Gdy w sierpniu 2021 r. Joanna Opozda i Antek Królikowski brali ślub, pojawiły się plotki, że aktorka jest w ciąży.
Zdaniem tabloidów to właśnie stan błogosławiony miał być powodem ślubu Joanny Opozdy i Królikowskiego. Tak więc w kilka dni po ślubie aktorka postanowiła zdementować te plotki. Poinformowała, że Antek oświadczył się jej już w marcu 2021 r. a:
dzieci na pewno będą ale planowane i wyczekiwane:)
więc raz na zawsze odcinam się od plotek jakoby nasze małżeństwo było spowodowane ciążą
– napisała [więcej tutaj]
I ten wpis został zinterpretowany jako wiadomość, że Joanna nie jest w ciąży, choć już wtedy była…!

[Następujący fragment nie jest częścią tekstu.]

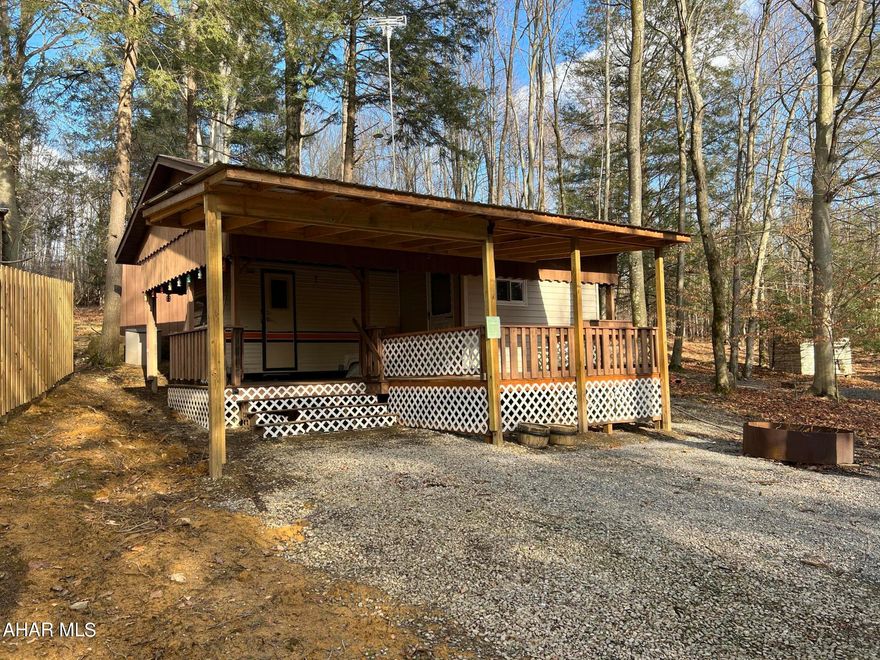 Get a jump on the 2023 camping season with this camper/cabin in Glendale Yearound. An addition to the camper expands the kitchen/living area for more space. Bathroom has a full size walk-in shower. Roof enclosure over the camper with an extra large deck. There's also a nice sized shed in the back, rear yard faces woods. Spring will be here before you know it!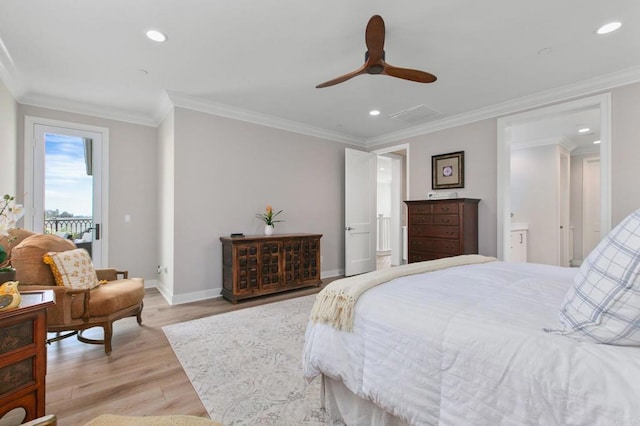 bedroom featuring ornamental molding, connected bathroom, and light wood-type flooring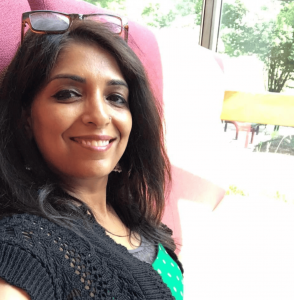 A photo of Priya smiling outside with glasses on top of her head.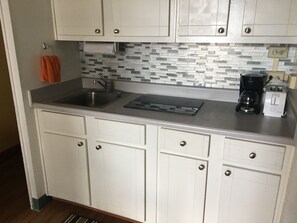 Fridge, microwave, stovetop, coffee/tea maker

Tego typu manipulacje, jak widać, zdenerwowały hejterów i ciężarna aktorka otrzymała obrzydliwe wiadomości. “Anna Kwiatkowska” pisała w nich:
Ty ku*wo szłaś do ślubu z brzuchem!!! Zero wstydu!!! I jeszcze bezczelnie kłamałaś że nie jesteś w ciąży!!! Żebyś urodziła dauna!!! Bo tylko na to zasługujesz za te kłamstwa!!!
Spie**alaj
ty ku*wo zakłamana. Kłamałaś ze nie masz brzucha. Żebyś poroniła bękarta
Ujawniając te wiadomości na swoim instastrory Joanna Opozda powiedziała, że w zasadzie “przyzwyczaiła” się do hejtu:
To chore że ja się do niego przyzwyczaiłam, ale tak faktycznie jest. Zwykle macham na takie komentarze ręką i uważam, że nie ma co walczyć z wiatrakami.
Tym razem jednak aktorka nie odpuściła i pojechała na Policję, by złożyć zawiadomienie w tej sprawie:
Przez takie podejście, przez takie odpuszczanie, ci hejterzy się nakręcają, przesuwają granice, pozwalają sobie na coraz więcej i czują się po prostu bezkarni.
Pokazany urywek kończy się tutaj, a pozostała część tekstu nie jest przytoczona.